Ruby on Rails und Redmine auf Synology DiskStation

Vor einigen Monaten versuchte ich Ruby on Rails auf der Synology DS106 zu installieren um anschließend das Projektmanagement Tool Redmine darauf laufen zu lassen.
Da das Ergebnis leider nur die Information war, dass die DS106 für Ruby einfach hoffnungslos unterdimensioniert ist, musste die Sache erst mal ruhen.
Bis jetzt endlich die neue DS210+ mit 512MB RAM und 1 GHz CPU zur Verfügung stand. Den kleinen Leistungsunterschied (vgl. 32MB RAM 266MHz) merkt man dann doch umgehend 🙂

Da die Installation nun erfolgreich durchgeführt werden konnte, habe ich die Anleitung noch mal überarbeitet und in Englisch verfasst.

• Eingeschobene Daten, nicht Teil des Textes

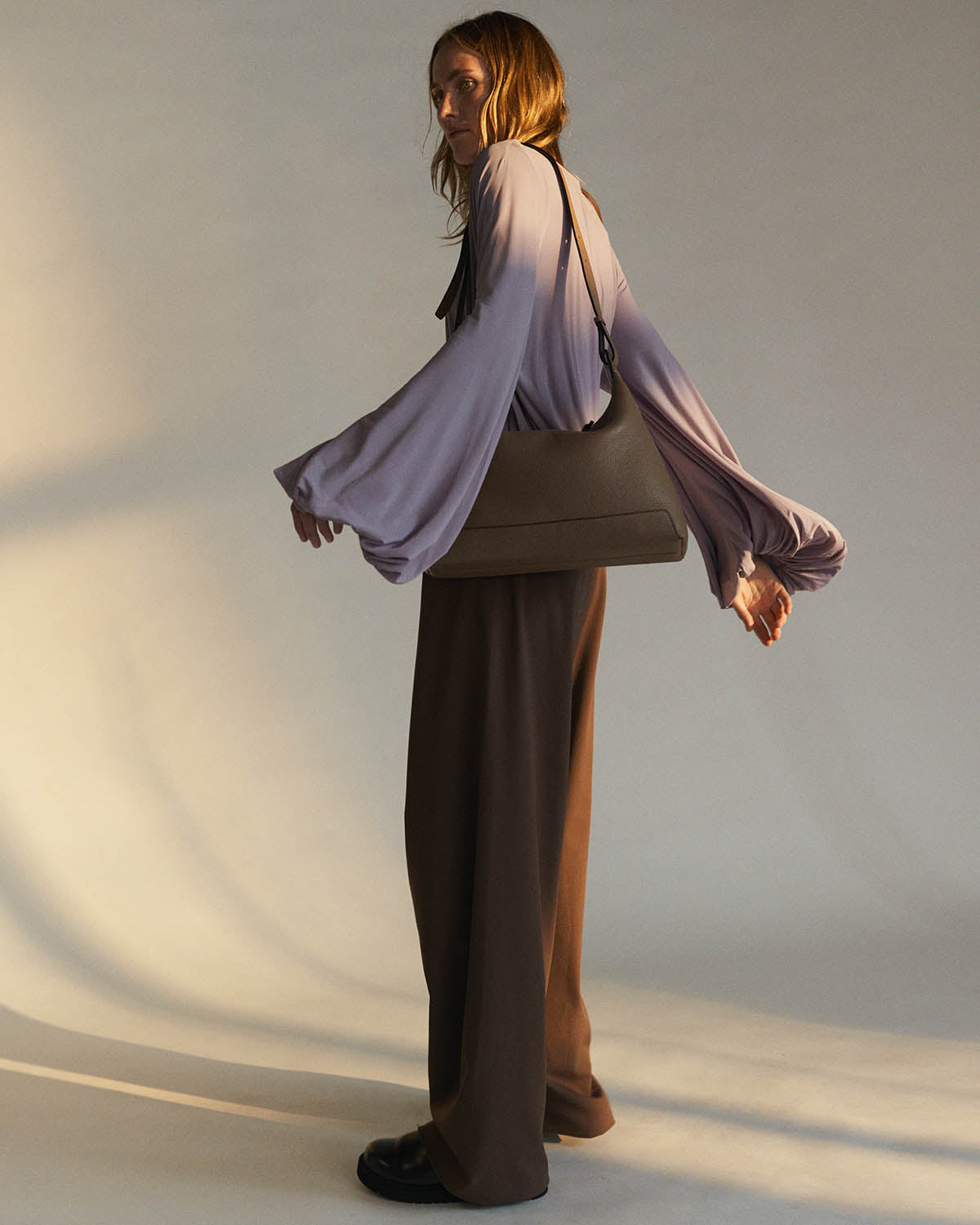 Lou Handbag in taupe | The Horse USA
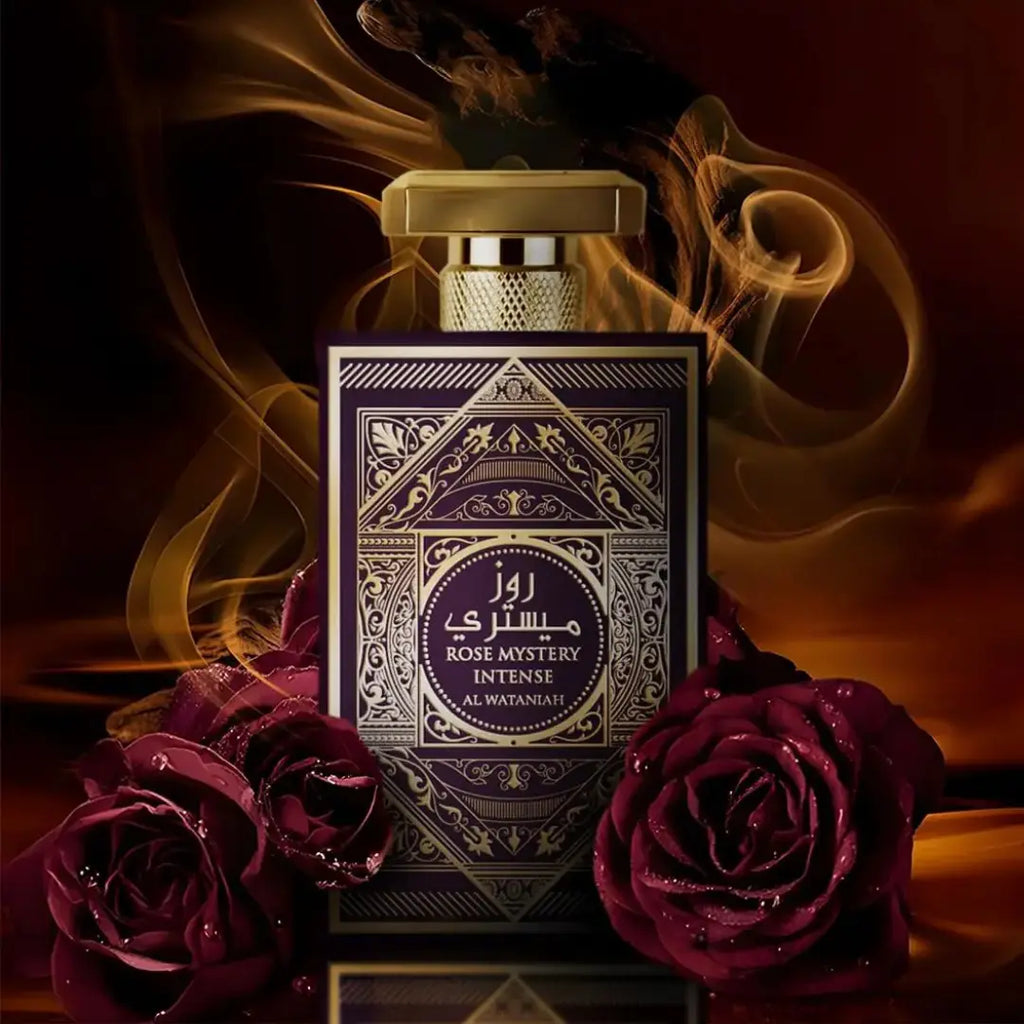 Al Wataniah Rose Mystery Intense オードパルファム 100ml/3.4fl.oz. - シネマティック撮影、豪華な照明と背景、プロダクト撮影 - シネマティック撮影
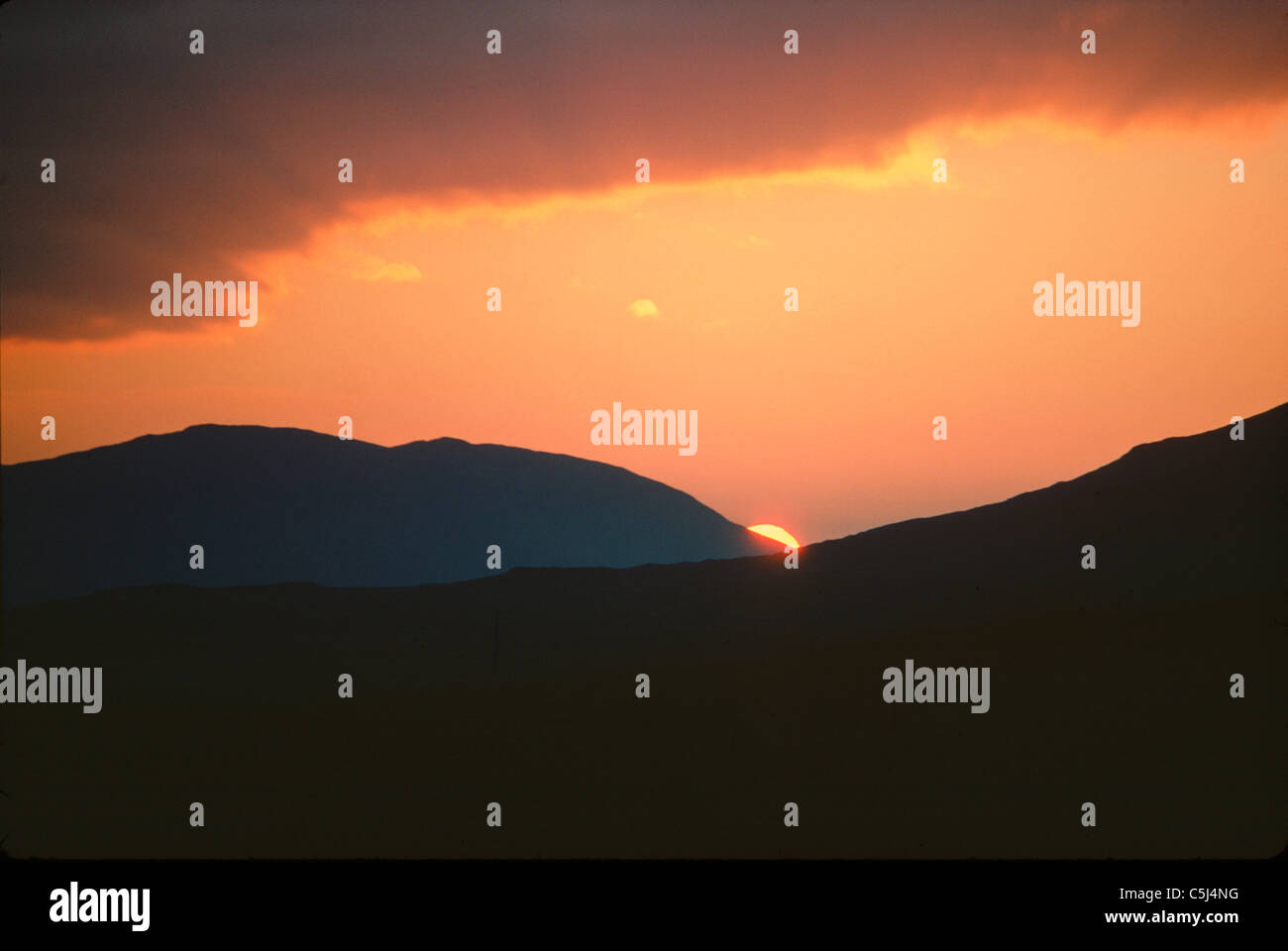Drammatico tramonto dietro le colline, Rannoch Moor, Highlands scozzesi, UK. Foto Stock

Am Kniffligsten war nicht das Einrichten selbst, sondern den Dienst anschließend beim Booten automatisch starten zu lassen.
Dabei stellte sich heraus, dass zwei Umstände zu Problemen führten:

  1. Ruby möchte beim Ausführen ins Home-Verzeichnis des ausführenden Benutzers das Verzeichnis .gem (mit Dateien etc.) anlegen
  2. Redmine über Webrick gestartet will im Verzeichnis, in dem der Webservice ausgeführt wird, ein tmp-Verzeichnis erstellen.

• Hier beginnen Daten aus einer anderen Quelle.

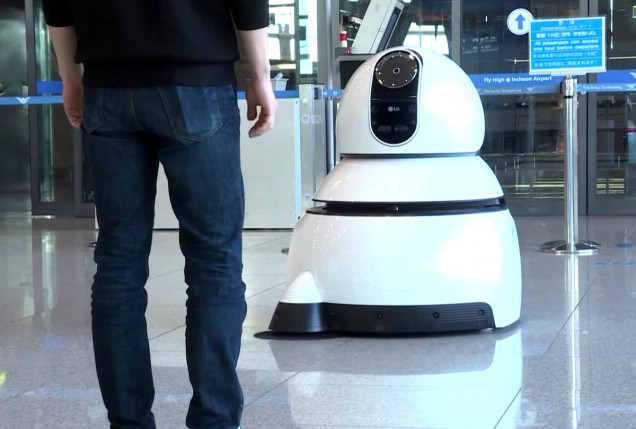 robot na lotnisku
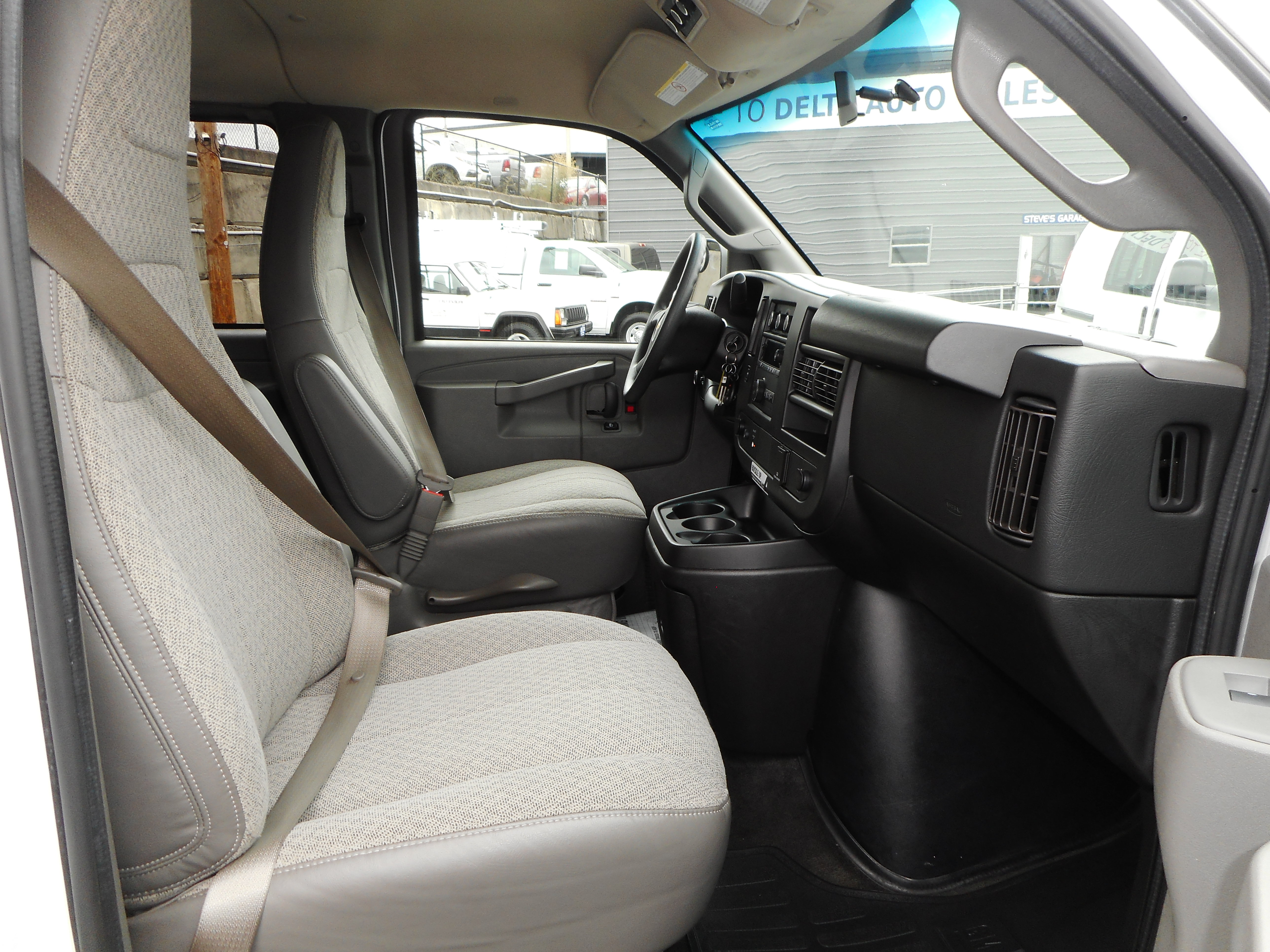 Used 2017 Chevrolet Express 3500 LT w/ LT Preferred Equipment Group RWD image 27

Der erste Punkt kann dadurch behoben werden, dass die home-Verzeichnisse der Benutzer aktiviert werden. Dazu den Benutzer-home-Dienst unter Berechtigungen -> Benutzer -> Benutzer-Home aktivieren.

Der zweite Punkt kann durch das Wechseln in den Ordner, in dem der Redmine Service liegt behoben werden. Von dort aus kann dann der Dienst gestartet werden, da der Benutzer redmine darin schreibrechte hat.